Of course it’s millions, at $6000 a pop times hundreds of occupants, which doesn’t even count the metering costs. If you want replace that part of the complaint with “my apartment complex didn’t want to shell out the millions for additional charging stations once the two-car family became standard.”
Why on earth would an apartment block install anything more than a 240V outlet per parking spot at a cost of a few hundred per pop?
Apartments in northern climes already have parking lots with 110V outlets as a matter of course (for block heaters). Somehow they manage to get by.
People with EV’s fill up in their own garages while they sleep. Hard to get more convenient access than your own garage.
Agreed, 200 miles isn’t enough range. How does this calculus change with a 500 mile range?
I believe rapid charging is a niche solution*, while longer range (500mi) and overnight charging is the broad solution to drive wide acceptance of EV.
*Niche as in it needs to exist, but will not ever be the typical way one would recharge an EV. EV owners have a filling station in their garage, as long as their range is enough for their normal driving pattern, they never have to fill up outside the home. The only time they have to fill up somewhere else is when they go beyond normal driving, it’s the unusual trip that requires rapid charging.
From what I’ve found, rapid charging reduces battery life and capacity, so, if true, it’s something to avoid if possible.
Wait a second. 30 hours to recharge after a 62 mile drive? Is your battery totally depleted at that point? Is that linear, i.e., driving one mile takes 30 minutes to recharge to 100%? Does that mean back when I had a 15-mile commute each way, I would have had have to recharge my car for 15 hours each night?, And if I had to drive to a meeting or run errands that added another 6 miles to the trip, I couldn’t even fully recharge my car before I had to drive to work again?
This.
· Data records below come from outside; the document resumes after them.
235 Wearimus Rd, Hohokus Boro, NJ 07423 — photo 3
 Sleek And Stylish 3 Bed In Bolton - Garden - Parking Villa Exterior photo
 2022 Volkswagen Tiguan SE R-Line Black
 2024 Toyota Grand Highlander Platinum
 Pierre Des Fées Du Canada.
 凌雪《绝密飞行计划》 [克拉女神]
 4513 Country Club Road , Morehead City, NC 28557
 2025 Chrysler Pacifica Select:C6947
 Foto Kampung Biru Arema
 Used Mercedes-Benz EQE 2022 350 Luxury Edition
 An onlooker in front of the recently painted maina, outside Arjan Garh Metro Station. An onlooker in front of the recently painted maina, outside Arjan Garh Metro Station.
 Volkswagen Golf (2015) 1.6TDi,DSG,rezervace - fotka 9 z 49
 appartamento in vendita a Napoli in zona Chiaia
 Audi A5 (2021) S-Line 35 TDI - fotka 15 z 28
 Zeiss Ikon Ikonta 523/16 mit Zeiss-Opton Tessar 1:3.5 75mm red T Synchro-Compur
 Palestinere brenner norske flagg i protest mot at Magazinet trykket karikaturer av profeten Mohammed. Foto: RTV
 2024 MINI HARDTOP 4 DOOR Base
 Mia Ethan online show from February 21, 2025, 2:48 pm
I installed a charging station in my garage. It’s wasn’t very expensive – the cost of a new outlet plus about $100 for the port. Apartment buildings install stoves, air conditioners, etc. Lots have been retrofitted for AC, even. Installing some charging stations in the parking garage is a lot cheaper than installing AC in the units.
Yes, with a 110 outlet. At home it’s less than 4 hours. Most days I’m fully charged in two hours or less.
I just checked my app, I have 7 hours, 57 minutes to full charge at the airport. But it’s free.
Several people brought up the same point but I’ll address yours. Home charging doesn’t work with longer range EVs. We already went through it in post 100. The best home charging is 44 miles per hour.
Assuming a 500 mile charge that’s 11 hours to a full charge. So now your home system is no longer convenient to give you a full charge or at least I don’t know too many families that are home for that long every night. We are homebodies in our circle and we’re only home 12 hours per work day. Sure you’re probably topping off from your 200 miles per driving on a usual day but if you are prepping for a trip or had one of those long days of driving now were talking days to recover.
For me 400 miles will cover most of my day trips since my 700 mile/day days are done. I would still fill up away from home 4 weeks a year but it would probably only on days I had a late night followed by an early morning (get home at 10 Friday night after a 300 mile day and be up at 3 am to go hunting) that I would need to fill up locally maybe 4-5 times per year.
I think the 500 mile range is the minimum to be viable for road trips though as I showed earlier most people prefer to stay in hotels at least 8 hours from their home so 600 is probably better minimum with filling up at your destination. Then we run into the problem of slow charging again if we’re filling up a 600 mile range at 44 miles/hour you’re stuck at your hotel for 13 hours that is a significant change to how most people vacation.
As I mentioned I’d want to get 400 miles in 20 minutes but for a larger number of use cases I think charging would have to improve to 600 miles in 8 hours or close to 100 amps at 240V.